<PCシチュエーションノベル(ツイン)>


熊猫狂想曲

 その日は穏やかな晴天だった。
 雲がゆっくりした速度で流れ、風が穏やかに吹くような過ごしやすい日。
 街はいつも通り人で賑わいを見せ、どこからやって来たのか旅人が足を止めては、冒険記を眺めてる人もいる。
 そんな中。
 とある酒場の出入り口で青い髪の青年二人が、店主と何やら話していた。
 一人は金色の色を瞳に宿した青年──名前はカンタといい、賞金稼ぎを生業としている。
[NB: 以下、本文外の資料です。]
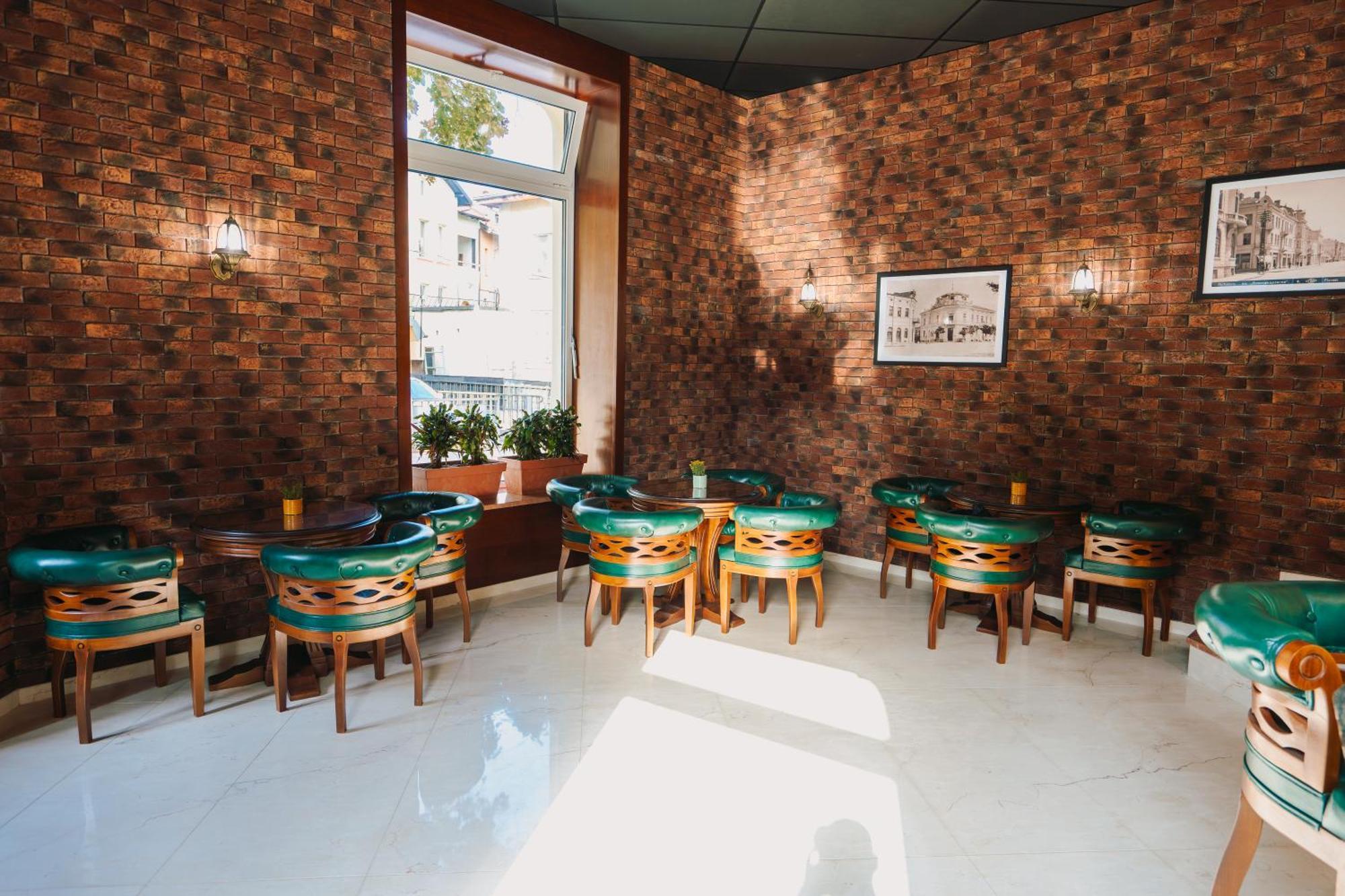 Хотел Театъръ Hotel Pleven Ngoại thất bức ảnh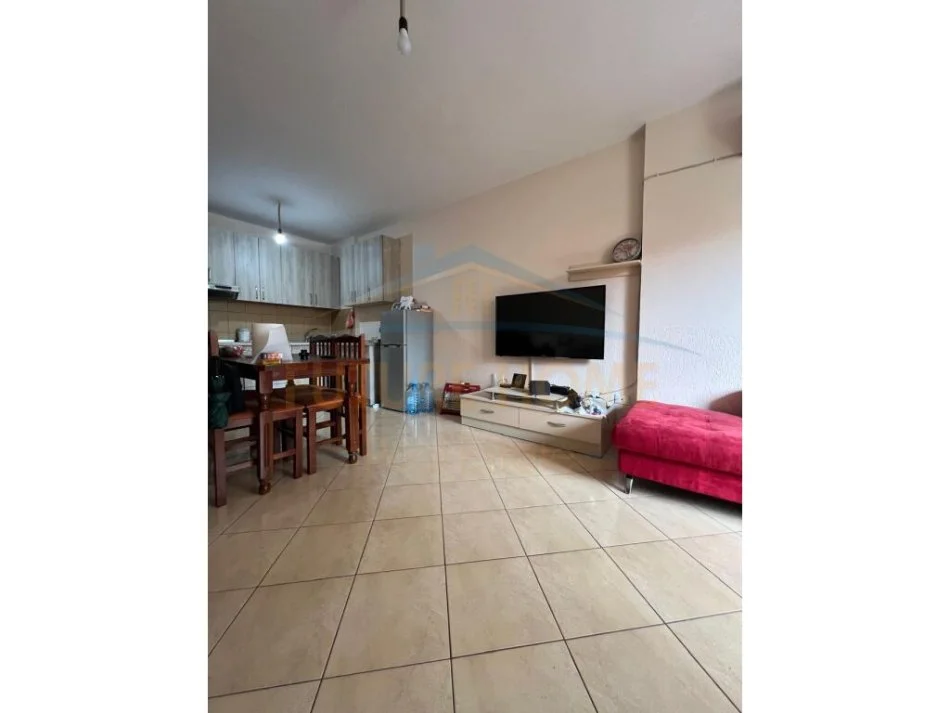Tirane, jepet me qera apartament 1+1 Kati 3, 78 m² 450 € (Rruga e Kavajes)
少し眠たそうに欠伸を噛み殺し、頭の後ろで手を組んで暇そうだ。
 そしてカンタの隣りで籠を背負っているが、紅い色を瞳に宿した青年──名前はカザネといい、傭兵家業をしていたのだが、何故か今はウェイター見習いに近い立場。
 店主と軽く談笑をしているその顔は、隣りに佇む青年と瓜二つである。
「んじゃ行ってくんな〜」
「行って来る〜」
 二人は店主に手を振り、近くの森へと仲良く歩いて行った。
 カンタは凶暴なパンダを退治しに、カザネは山菜を調達する為に──…


「なーなー、これって山菜?」
「ん?………それは毒草だろう!?却下」
 野草をそのへんに投げ捨て、カザネはまた山道と言っても獣道のような場所を登っていく。それに続くようにカンタも歩くが、彼の手に握られているのは恐らく普通は食べないような類のものばかり。そこらへんに生えているものを、適当に摘んで行った結果だ。
 カンタはそれを、前を歩くカザネの籠に投げ入れていく。
「今なんか入れただろ?」
「入れてないって。さっさと行くぞ〜」
 不信な動きに振り向くが、カンタはさっさと歩いて行ってしまう。
 仕方なしにカザネも歩き出すが、ひょいと覗き込んだ籠の中に、得体の知れないものを発見して後ろから蹴り飛ばそうとしたが、前から他の散策者が現れグッと我慢した。

「こんちは〜」
 軽快に挨拶するカンタ。
「お〜山菜取りかい、カザネ君」
「俺はカンタじゃねー!カザネだ!!」

「こんにちは〜」
 山菜を手にしながら挨拶するカザネ。
「カンタ君が山菜取りとは珍しいね」
「俺はカザネじゃない。カンタだって」

「ま〜どっちでもいいだろ。双子だし」
「「…………」」
 すれ違い様、知り合いにそう言われてしまい、二人は瞬時にフリーズ現象を引き起こす。
 互いに思うのは、瞳の色が違うだろうが!なのだが、それすら言えない。
 行き交う人の8割は、この意見に集約されているのだ。

『どっちでも同じようなもん』

 そんなことないのだが、如何せん瞳の色以外これといって判り易い特徴がない。
 そんな二人を見分けるのは至難の業であり、木々で木洩れ日差す場所で気付けというのが、土台無理な話なのかもしれないが。
 二人はどうにも、納得することが出来ず。
「だいたいカザネが同じような格好してんのが悪いんだろ。何とかしろよ」
「双子って時点で無理だろ。それにカンタが俺の格好を、真似てるからいけねーんだよ!」
「真似てない!なんで寝相の悪いカザネの真似なんかしなくちゃならないんだ」
 対峙する二つの瞳。
 端から見たら鏡写しのように映るのだが、本人達はいつものことなので気にしない。
「俺のどこが寝相が悪ぃーんだよ!?いっつもちゃんと寝てんだろ」
「俺が戻してやってるんだろ。全く……って、ん?」
 何かを言いかけていたカンタの視線が、ふいに違う場所へと向けられた。
「全くってなんだよ!!って………パンダじゃねーの?」
 視線の先にいたのは、まだ子供のパンダ。二人の口喧嘩にビクビクしているのかと思いきや、どうやら怪我をしていて震えているらしい。
 後ろ足から滲むものに、二人は一旦喧嘩をやめ、そっと近づく。
 警戒している子パンダは、キュイ、キュイと愛らしい声を必死に出して、親パンダを呼んだ。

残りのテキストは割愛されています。